::: INPUT FOR THIS TASK :::
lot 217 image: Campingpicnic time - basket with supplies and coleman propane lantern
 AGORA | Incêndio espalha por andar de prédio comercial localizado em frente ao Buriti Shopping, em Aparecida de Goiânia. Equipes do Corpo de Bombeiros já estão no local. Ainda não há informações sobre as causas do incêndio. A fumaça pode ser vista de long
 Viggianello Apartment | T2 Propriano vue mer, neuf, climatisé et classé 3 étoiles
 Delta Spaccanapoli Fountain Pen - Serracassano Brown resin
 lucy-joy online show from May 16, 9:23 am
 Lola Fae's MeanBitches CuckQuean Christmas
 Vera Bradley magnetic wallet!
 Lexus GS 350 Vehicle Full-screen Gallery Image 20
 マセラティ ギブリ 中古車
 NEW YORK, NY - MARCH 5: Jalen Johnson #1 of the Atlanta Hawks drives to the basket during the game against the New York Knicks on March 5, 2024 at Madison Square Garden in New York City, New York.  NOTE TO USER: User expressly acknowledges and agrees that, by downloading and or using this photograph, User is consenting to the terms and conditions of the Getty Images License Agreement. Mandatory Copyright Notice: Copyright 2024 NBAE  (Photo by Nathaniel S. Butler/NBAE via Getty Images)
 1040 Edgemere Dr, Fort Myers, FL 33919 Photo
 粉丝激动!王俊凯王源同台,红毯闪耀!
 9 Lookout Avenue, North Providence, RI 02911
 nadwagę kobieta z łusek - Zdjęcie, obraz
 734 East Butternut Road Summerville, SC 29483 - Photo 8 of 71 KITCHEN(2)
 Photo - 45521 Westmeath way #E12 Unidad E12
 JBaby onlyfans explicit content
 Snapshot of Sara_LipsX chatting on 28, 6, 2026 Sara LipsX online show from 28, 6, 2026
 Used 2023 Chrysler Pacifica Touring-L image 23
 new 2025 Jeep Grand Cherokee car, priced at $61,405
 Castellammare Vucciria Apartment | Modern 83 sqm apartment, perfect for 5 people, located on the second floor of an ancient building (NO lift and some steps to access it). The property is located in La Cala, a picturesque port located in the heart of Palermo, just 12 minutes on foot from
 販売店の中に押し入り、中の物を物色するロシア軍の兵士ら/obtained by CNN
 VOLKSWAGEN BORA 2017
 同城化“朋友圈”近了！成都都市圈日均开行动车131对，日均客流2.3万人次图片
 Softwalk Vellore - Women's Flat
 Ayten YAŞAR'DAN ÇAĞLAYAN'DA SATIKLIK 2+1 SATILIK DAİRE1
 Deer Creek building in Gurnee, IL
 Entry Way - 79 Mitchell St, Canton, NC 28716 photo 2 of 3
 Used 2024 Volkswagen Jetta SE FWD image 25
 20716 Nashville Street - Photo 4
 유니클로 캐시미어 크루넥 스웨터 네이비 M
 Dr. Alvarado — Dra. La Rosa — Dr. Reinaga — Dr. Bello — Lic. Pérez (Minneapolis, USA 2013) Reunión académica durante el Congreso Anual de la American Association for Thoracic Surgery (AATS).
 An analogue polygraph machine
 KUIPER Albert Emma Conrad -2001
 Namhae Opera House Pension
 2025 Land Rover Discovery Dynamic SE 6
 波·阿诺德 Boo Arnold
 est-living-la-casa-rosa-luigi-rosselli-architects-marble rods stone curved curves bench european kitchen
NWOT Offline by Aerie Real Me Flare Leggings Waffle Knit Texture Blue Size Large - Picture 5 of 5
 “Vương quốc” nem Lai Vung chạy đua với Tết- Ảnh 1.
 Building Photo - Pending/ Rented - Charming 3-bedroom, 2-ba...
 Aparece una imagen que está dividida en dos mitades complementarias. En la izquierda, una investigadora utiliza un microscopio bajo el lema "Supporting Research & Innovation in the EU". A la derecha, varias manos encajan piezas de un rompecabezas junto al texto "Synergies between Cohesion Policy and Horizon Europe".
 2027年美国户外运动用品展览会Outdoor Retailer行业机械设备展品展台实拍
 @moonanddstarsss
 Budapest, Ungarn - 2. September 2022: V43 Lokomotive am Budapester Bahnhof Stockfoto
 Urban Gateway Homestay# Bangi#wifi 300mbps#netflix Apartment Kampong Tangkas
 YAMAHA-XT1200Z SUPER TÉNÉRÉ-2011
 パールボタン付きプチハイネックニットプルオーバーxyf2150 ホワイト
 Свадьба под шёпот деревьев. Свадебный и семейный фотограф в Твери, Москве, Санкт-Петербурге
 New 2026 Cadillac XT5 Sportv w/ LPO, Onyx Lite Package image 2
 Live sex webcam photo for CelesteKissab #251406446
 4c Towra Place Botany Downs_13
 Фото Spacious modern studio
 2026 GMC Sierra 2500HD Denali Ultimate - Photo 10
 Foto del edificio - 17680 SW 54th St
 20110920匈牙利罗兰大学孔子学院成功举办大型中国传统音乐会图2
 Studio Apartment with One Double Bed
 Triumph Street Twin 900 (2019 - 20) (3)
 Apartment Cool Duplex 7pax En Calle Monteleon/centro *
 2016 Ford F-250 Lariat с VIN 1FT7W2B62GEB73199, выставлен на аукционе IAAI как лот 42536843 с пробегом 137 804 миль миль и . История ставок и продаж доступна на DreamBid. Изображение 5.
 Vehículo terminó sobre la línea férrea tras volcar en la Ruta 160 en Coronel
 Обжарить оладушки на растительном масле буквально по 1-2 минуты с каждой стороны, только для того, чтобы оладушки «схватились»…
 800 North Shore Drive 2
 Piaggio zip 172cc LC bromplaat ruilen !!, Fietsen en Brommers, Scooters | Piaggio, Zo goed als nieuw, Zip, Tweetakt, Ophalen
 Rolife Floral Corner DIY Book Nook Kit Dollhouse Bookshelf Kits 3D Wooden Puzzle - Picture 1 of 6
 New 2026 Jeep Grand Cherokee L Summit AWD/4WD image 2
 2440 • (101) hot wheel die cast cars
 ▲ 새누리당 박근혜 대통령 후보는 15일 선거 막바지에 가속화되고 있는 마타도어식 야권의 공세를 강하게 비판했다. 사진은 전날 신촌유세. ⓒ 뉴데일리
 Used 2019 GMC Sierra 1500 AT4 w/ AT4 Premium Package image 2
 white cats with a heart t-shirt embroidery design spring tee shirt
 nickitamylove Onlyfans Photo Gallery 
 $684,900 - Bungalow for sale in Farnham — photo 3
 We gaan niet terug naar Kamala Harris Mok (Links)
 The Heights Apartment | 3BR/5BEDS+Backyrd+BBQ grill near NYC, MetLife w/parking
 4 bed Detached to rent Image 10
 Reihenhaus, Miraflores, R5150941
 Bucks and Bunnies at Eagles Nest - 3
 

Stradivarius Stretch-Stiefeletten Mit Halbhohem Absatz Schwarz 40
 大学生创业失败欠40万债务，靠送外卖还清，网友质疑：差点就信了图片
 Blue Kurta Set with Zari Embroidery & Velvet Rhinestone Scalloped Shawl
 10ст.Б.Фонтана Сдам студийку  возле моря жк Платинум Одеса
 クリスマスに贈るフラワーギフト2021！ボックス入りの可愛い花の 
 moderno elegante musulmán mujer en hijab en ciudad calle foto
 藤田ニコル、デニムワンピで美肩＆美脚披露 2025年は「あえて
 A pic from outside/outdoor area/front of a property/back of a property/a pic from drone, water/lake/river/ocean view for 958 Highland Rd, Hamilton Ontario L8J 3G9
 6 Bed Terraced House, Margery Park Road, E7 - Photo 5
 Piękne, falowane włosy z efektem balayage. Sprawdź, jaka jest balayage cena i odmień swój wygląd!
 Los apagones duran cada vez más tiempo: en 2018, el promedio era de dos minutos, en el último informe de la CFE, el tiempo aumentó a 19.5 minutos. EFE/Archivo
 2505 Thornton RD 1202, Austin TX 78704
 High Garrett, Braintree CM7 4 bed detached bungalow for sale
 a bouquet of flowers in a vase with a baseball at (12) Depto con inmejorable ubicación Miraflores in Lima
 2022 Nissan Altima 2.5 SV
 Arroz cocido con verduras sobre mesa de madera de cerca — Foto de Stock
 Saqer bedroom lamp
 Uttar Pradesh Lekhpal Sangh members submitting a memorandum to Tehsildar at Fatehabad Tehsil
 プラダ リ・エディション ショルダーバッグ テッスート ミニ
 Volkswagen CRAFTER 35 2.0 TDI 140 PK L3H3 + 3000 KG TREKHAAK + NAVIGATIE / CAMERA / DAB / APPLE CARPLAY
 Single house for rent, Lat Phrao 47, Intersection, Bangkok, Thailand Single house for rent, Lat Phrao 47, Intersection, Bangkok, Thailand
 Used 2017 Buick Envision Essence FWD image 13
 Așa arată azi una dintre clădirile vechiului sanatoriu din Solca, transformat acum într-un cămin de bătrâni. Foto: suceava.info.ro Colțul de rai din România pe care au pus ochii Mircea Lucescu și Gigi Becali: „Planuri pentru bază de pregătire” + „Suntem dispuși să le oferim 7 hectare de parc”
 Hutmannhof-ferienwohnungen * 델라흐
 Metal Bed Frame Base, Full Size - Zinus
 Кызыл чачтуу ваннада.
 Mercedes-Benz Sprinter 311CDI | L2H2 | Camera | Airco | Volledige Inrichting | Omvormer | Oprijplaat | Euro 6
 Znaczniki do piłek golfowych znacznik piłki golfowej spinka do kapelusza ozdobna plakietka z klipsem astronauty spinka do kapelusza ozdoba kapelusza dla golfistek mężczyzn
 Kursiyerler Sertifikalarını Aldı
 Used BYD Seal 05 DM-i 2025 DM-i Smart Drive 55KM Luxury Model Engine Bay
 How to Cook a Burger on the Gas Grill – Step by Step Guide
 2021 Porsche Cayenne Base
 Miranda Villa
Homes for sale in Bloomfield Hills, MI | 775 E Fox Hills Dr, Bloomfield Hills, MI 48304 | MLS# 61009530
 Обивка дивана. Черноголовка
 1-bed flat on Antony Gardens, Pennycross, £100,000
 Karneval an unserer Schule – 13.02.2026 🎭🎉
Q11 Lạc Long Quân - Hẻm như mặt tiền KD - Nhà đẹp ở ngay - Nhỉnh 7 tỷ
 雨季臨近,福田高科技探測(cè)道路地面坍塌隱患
:::
**TASK DESCRIPTION**
Look above for the line with "High Garrett, Braintree" and the line with "Saqer bedroom lamp"; transcribe both and all lines in between, exactly, and nothing else.

**RESULT BELOW**
 High Garrett, Braintree CM7 4 bed detached bungalow for sale
 a bouquet of flowers in a vase with a baseball at (12) Depto con inmejorable ubicación Miraflores in Lima
 2022 Nissan Altima 2.5 SV
 Arroz cocido con verduras sobre mesa de madera de cerca — Foto de Stock
 Saqer bedroom lamp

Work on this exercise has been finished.